_Problem to solve_. The lines you return must be all those in the data that hold the string "table".
(Entries shown)
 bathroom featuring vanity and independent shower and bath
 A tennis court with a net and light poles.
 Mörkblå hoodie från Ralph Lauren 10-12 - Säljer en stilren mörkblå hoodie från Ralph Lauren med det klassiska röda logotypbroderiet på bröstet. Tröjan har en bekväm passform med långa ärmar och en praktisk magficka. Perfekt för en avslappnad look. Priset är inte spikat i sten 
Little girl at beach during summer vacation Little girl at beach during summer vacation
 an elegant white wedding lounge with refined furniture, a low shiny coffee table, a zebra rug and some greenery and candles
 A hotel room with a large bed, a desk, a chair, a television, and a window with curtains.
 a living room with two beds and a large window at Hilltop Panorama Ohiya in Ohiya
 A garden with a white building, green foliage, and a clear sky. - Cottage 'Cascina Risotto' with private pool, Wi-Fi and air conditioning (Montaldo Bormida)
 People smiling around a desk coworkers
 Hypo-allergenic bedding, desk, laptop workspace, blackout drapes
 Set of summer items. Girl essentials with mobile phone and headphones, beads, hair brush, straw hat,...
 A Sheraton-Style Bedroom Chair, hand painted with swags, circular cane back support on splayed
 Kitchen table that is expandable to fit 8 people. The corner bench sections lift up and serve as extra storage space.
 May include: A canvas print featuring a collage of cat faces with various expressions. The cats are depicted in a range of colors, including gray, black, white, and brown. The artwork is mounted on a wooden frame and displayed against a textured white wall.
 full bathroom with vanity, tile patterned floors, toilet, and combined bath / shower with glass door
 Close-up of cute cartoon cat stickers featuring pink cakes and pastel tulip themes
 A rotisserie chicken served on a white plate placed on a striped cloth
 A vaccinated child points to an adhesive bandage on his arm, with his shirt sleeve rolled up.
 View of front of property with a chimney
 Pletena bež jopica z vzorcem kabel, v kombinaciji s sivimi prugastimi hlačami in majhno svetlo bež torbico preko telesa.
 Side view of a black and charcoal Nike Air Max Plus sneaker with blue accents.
(End Entries shown)
_Written answer_.
 an elegant white wedding lounge with refined furniture, a low shiny coffee table, a zebra rug and some greenery and candles
 Kitchen table that is expandable to fit 8 people. The corner bench sections lift up and serve as extra storage space.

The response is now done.